— Information shown —
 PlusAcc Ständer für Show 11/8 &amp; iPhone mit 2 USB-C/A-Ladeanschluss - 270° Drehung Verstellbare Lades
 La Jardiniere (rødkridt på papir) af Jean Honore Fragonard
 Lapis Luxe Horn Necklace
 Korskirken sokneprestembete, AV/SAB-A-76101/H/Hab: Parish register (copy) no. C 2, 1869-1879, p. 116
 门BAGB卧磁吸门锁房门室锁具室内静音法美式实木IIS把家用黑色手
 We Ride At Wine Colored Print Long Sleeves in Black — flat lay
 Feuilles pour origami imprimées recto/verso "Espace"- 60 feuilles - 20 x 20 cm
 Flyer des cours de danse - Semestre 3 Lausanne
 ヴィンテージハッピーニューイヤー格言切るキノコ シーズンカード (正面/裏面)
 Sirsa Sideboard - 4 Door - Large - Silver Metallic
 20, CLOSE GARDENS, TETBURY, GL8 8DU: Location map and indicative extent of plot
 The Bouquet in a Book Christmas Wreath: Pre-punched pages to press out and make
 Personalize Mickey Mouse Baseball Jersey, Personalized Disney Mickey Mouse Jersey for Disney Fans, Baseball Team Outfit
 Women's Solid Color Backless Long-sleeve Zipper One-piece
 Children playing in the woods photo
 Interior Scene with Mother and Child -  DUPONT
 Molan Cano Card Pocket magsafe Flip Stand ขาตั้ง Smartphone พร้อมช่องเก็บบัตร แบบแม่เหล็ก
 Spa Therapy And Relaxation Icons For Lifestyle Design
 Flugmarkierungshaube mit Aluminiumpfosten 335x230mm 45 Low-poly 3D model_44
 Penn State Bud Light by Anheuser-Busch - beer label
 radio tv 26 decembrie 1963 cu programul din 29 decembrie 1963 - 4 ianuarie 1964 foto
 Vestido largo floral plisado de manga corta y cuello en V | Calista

— Problem statement —
Beginning with the top line of the data above, output every line exactly until the one that contains "The Bouquet in", and include that one too.

— Exercise solution —
 PlusAcc Ständer für Show 11/8 &amp; iPhone mit 2 USB-C/A-Ladeanschluss - 270° Drehung Verstellbare Lades
 La Jardiniere (rødkridt på papir) af Jean Honore Fragonard
 Lapis Luxe Horn Necklace
 Korskirken sokneprestembete, AV/SAB-A-76101/H/Hab: Parish register (copy) no. C 2, 1869-1879, p. 116
 门BAGB卧磁吸门锁房门室锁具室内静音法美式实木IIS把家用黑色手
 We Ride At Wine Colored Print Long Sleeves in Black — flat lay
 Feuilles pour origami imprimées recto/verso "Espace"- 60 feuilles - 20 x 20 cm
 Flyer des cours de danse - Semestre 3 Lausanne
 ヴィンテージハッピーニューイヤー格言切るキノコ シーズンカード (正面/裏面)
 Sirsa Sideboard - 4 Door - Large - Silver Metallic
 20, CLOSE GARDENS, TETBURY, GL8 8DU: Location map and indicative extent of plot
 The Bouquet in a Book Christmas Wreath: Pre-punched pages to press out and make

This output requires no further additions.